Talk to Your Kids About the Recent Violence
Oct. 4, 2006 -- While an Amish community in Pennsylvania mourns the tragic loss of five schoolgirls in the recent schoolhouse shooting, experts warn that parents everywhere must do what they can to help their children cope with such tragedies, which they often learn about for the first time on TV.
"With random acts of violence, especially those that are seen on television, the immediacy of the event can be bewildering to children, and the visual imagery can be haunting," says Dr. Nancy Rappaport, director of school programs at Cambridge Health Alliance and assistant professor psychiatry at the Harvard Medical School.
Two other school shootings shook the nation last week.
On Sept. 30, a 15-year-old student shot and killed the principal of a Wisconsin high school, and on Sept. 27, a gunman killed a girl after taking six students hostage at a Colorado school.
After seeing reports like this on TV, how can parents make their children feel safe again? By talking to them. Some kids may seem OK, but parents should still talk to their children, experts say.
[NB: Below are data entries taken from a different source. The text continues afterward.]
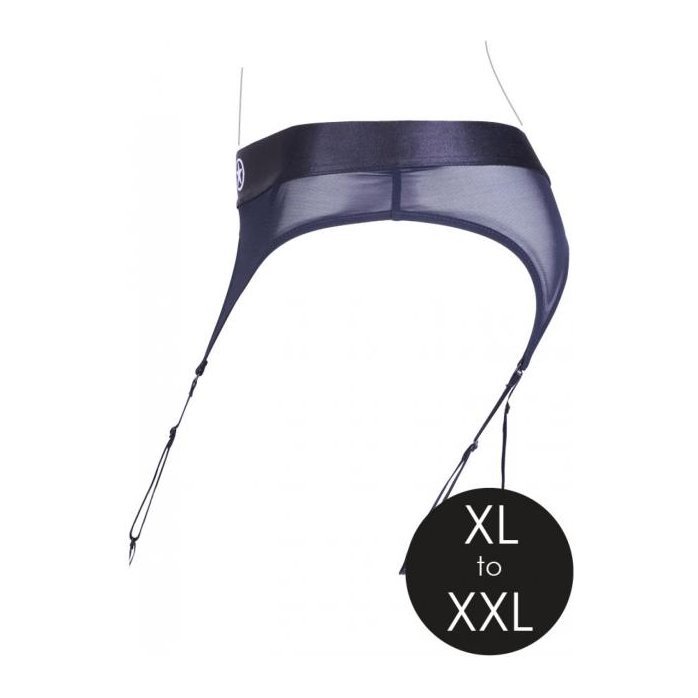 Черные трусики-пояс для страпона с вибропулей - размер XL-XXL - Ouch!. Фотография 11.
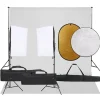 vidaXL Cámaras Y Objetivos-Kit de estudio fotográfico con set de luces, fondo y reflector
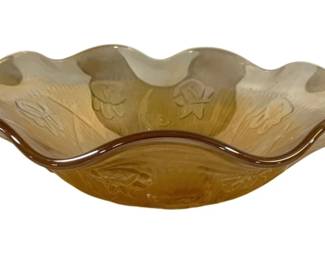 4894 - Jeannette Iris & Herringbone Carnival Bowl (Description): 3.5 x 12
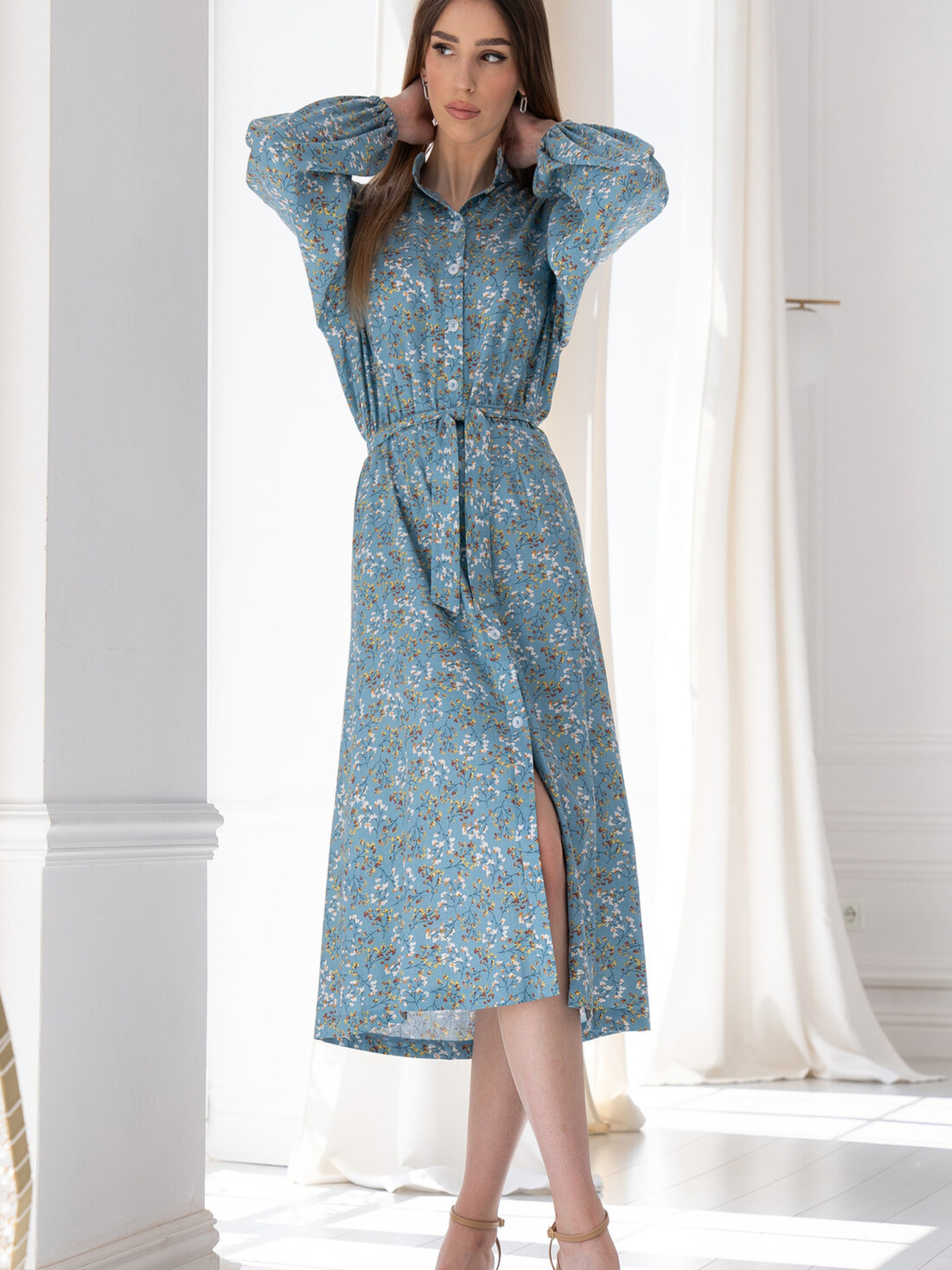 Платье миди RiMari модель 0622-blakitnij-print Фото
Parents must understand that while children may be profoundly affected by what they see on television and elsewhere in the media, they may not communicate their fears to their parents, says Rappaport.
Children may show their fears in other ways, such as in a reluctance to go to school. Parents need to recognize these signs and start ongoing discussions with their children so these violent events won't continue to interfere with their lives.
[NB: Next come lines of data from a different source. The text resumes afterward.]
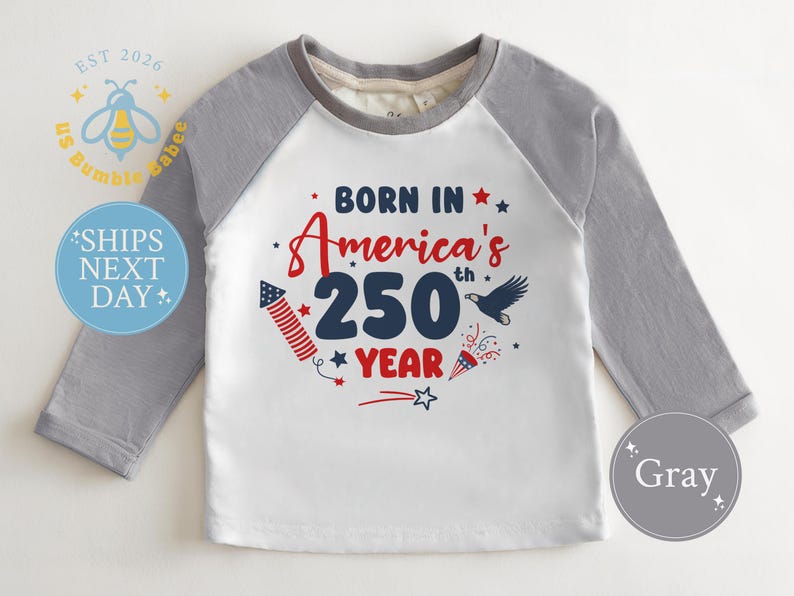 American 250th Year Baby Onesie® Natural Romper July 4th Patriotic Bodysuit Natural Gray Raglan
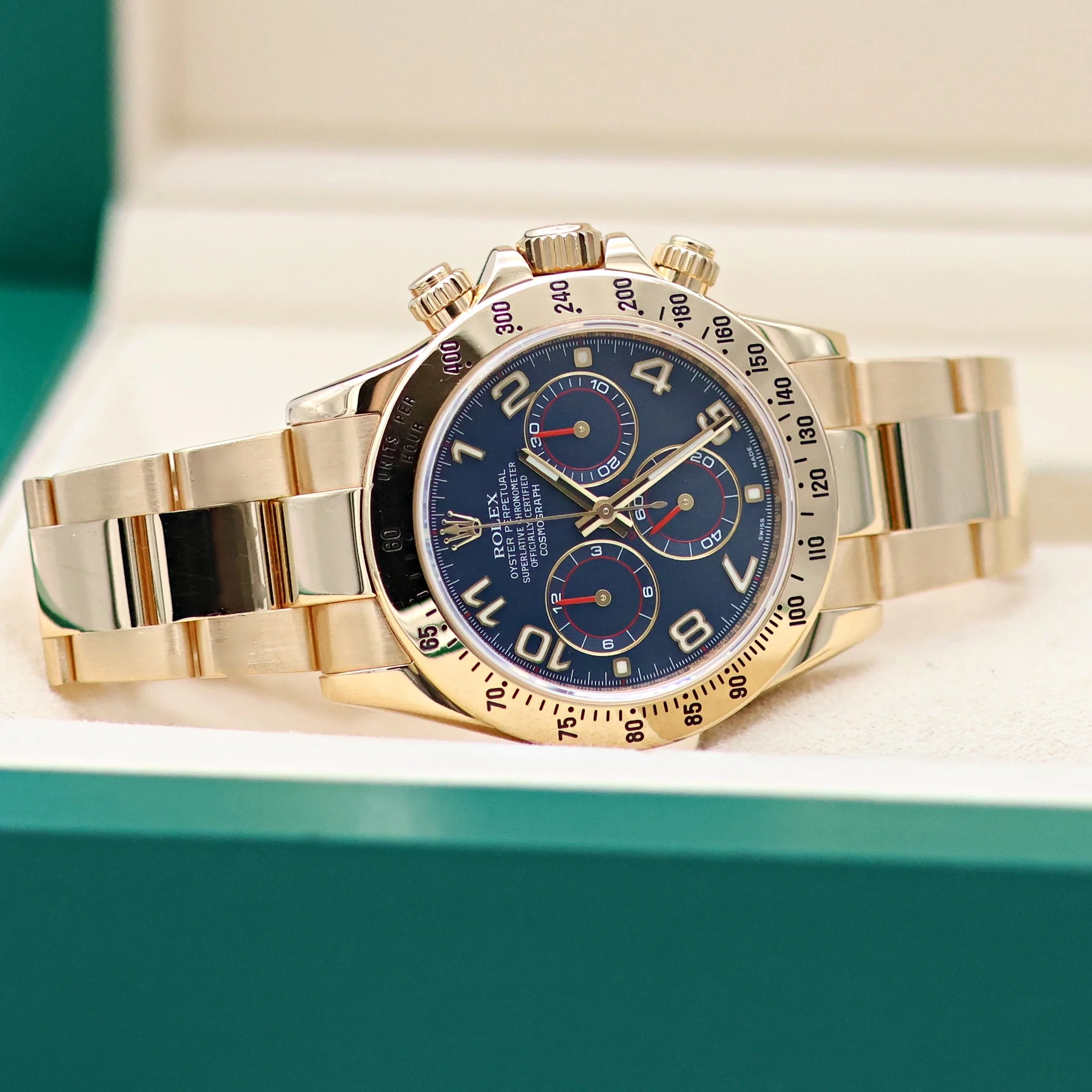 Rolex Daytona ref. 116528 - 18K Yellow Gold Blue Racing dial - Full Set - Image 4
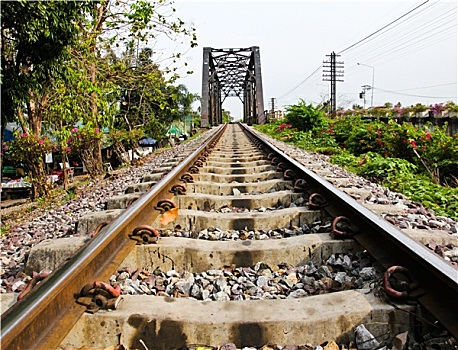 铁路桥,泰国,信息技术,靠近,水上市场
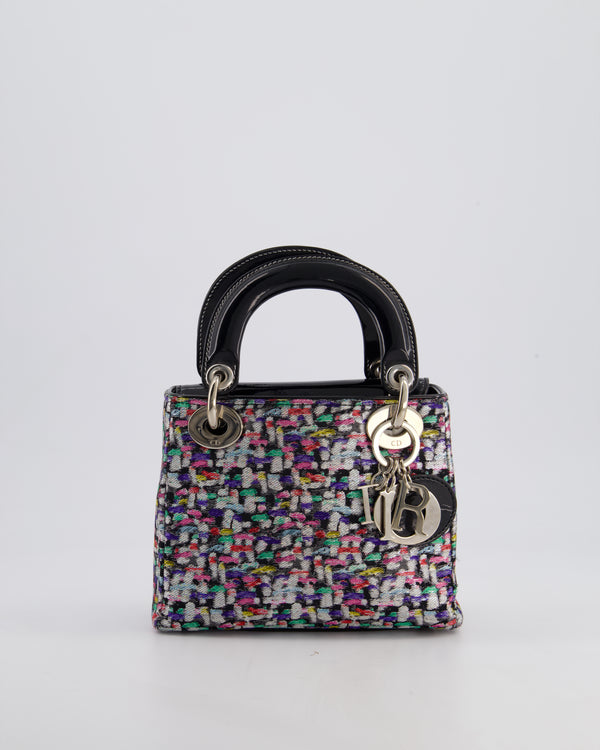 Christian Dior Mini Lady Dior Bag in Multi-Colour Metallic Fabric and Black Patent Leather with Silver Hardware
Parents should tell their children that events like school shootings are incredibly rare.
"Children have no sense of probability. For an event that's reported in the news, they don't know how often it actually occurs." says Dr. Jacqueline Olds, a psychiatrist at McClean Hospital and an associate professor of clinical psychiatry at Harvard Medical School.
Children will see coverage of the events in papers and on TV, so it is important for parents to emphasize the rarity of these events. Parents can limit their children's exposure to newspapers and television so they aren't flooded by the news.
Parents can convey how unusual the events are by telling their children that they don't know anyone who's been involved in something similar, as long as they are honest, says Olds.
Parents can also tell an anecdote about a near-death experience they had as a child, and how they got over the scare of that experience. This can help children understand how to get over a fear instead of avoiding an activity.
After hearing news of such violent acts, children may fear for their own safety. Parents need to acknowledge these fears but give age-appropriate information to their children, says Dr. Judith Cohen, medical director of the Center for Traumatic Stress in Children and Adolescents at Allegheny General Hospital in Pittsburgh.
Parents should also let their children know that they will protect them from such a violent act, and parents also need to help their children understand why such a traumatic event occurred, experts say.
This may be difficult at first, since the perpetrator's motives may not be clear in the early reports.
"At the time of the event, children might not know why things happened, but over time, as more information becomes available, they may be able to make meaning of the event," says Cohen.
While parents talk to the children about what's happened, it is important that they help their children maintain stability in their daily lives.
"Routine is the scaffolding of security," says Rappaport.